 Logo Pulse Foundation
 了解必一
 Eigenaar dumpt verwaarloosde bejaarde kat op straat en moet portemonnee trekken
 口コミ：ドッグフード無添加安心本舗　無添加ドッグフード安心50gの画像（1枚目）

◇ ◇ ◇ ◇ ◇ ◇ ◇

**Assigned task:** Please copy all of the data above exactly.

**Answer to this problem:**
 Logo Pulse Foundation
 了解必一
 Eigenaar dumpt verwaarloosde bejaarde kat op straat en moet portemonnee trekken
 口コミ：ドッグフード無添加安心本舗　無添加ドッグフード安心50gの画像（1枚目）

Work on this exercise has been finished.